Given data:
○ ○ ○ ○

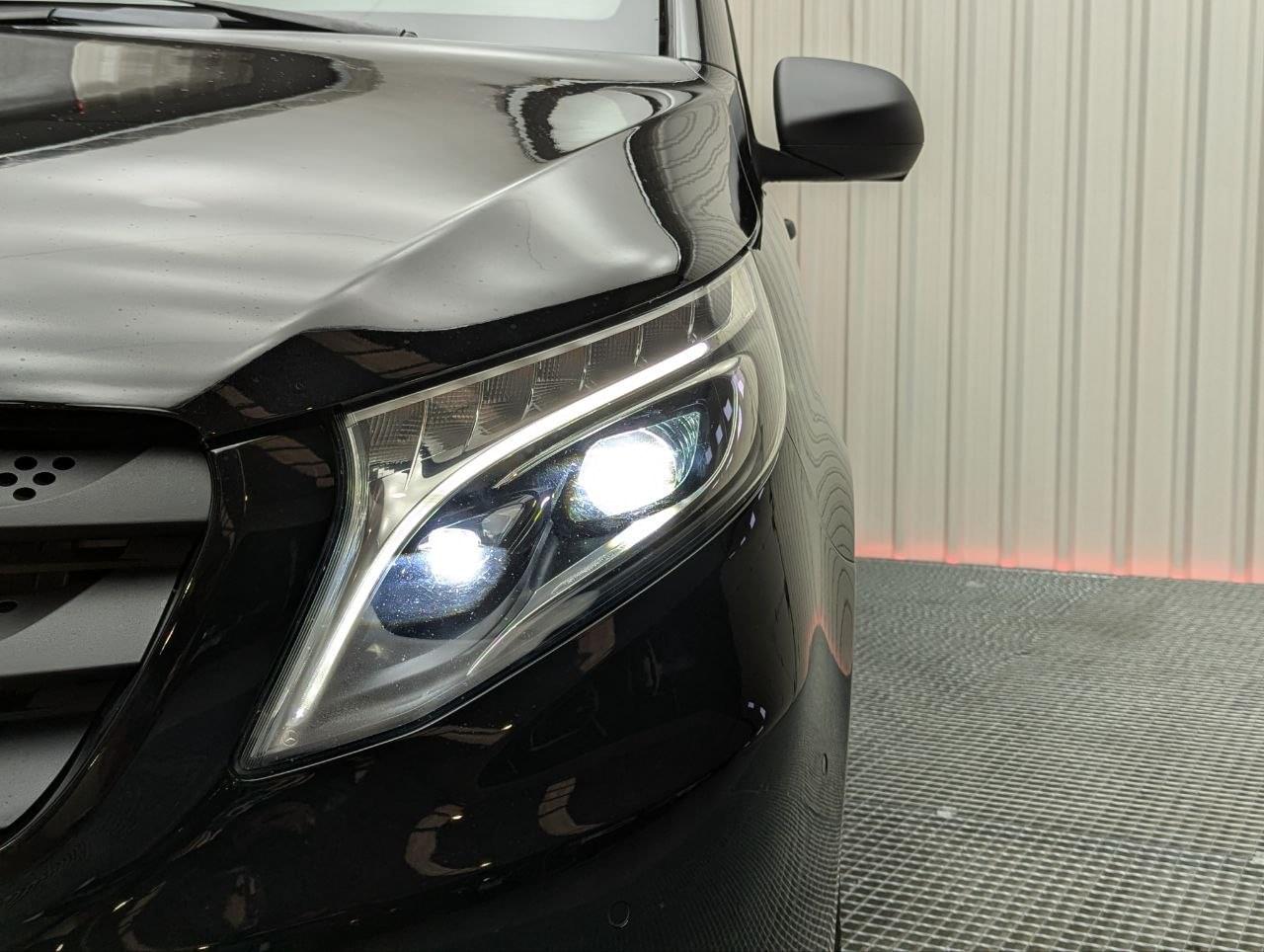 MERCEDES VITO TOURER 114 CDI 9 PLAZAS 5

○ ○ ○ ○

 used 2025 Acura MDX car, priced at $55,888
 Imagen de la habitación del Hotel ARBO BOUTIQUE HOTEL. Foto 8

○ ○ ○ ○

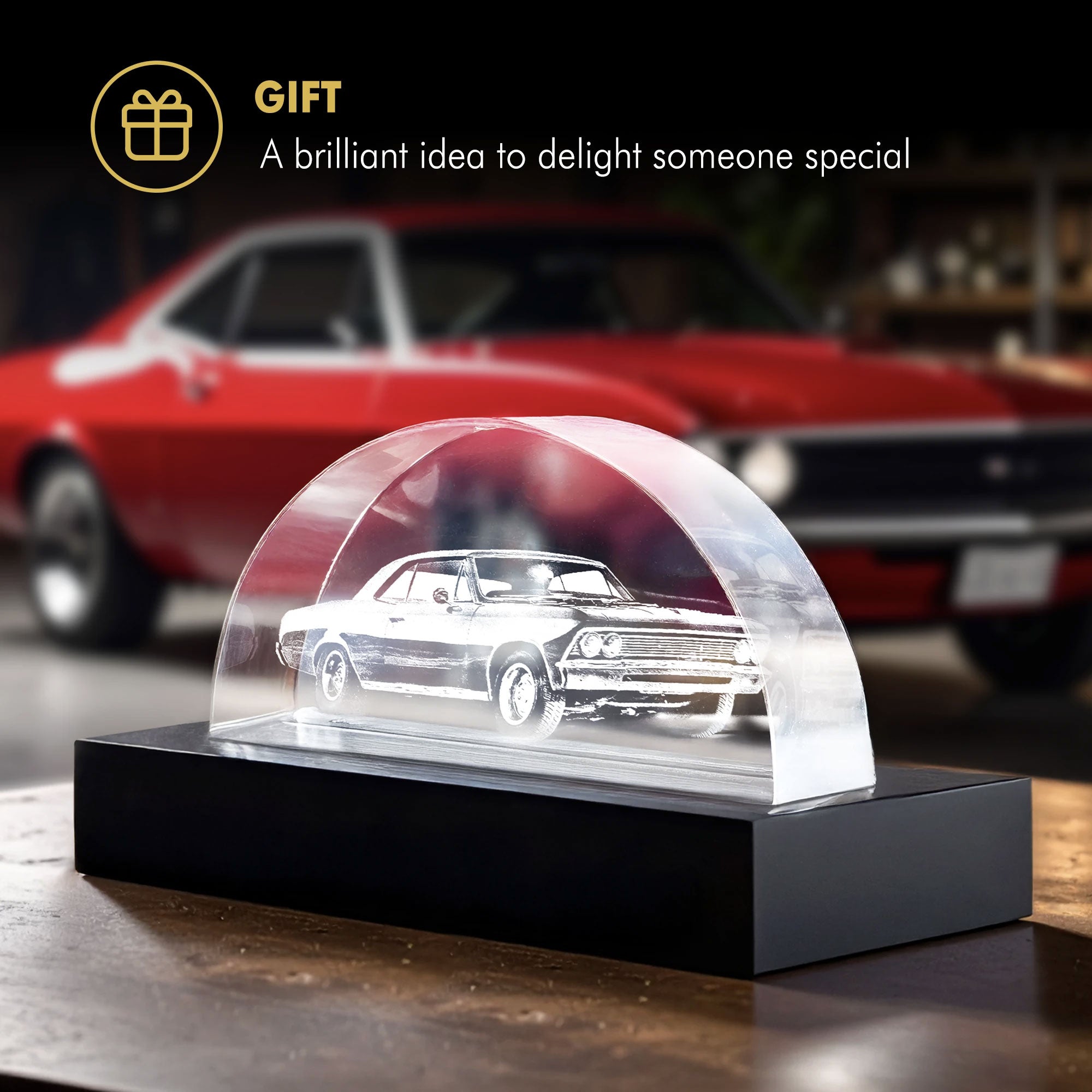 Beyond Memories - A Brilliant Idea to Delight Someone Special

○ ○ ○ ○

Work task:
Retype, in the same exact form, the lines of the material above from the line holding "used 2025 Acura MDX car, priced at $55,888" through the line holding "Imagen de la".

Solution for this exercise:
 used 2025 Acura MDX car, priced at $55,888
 Imagen de la habitación del Hotel ARBO BOUTIQUE HOTEL. Foto 8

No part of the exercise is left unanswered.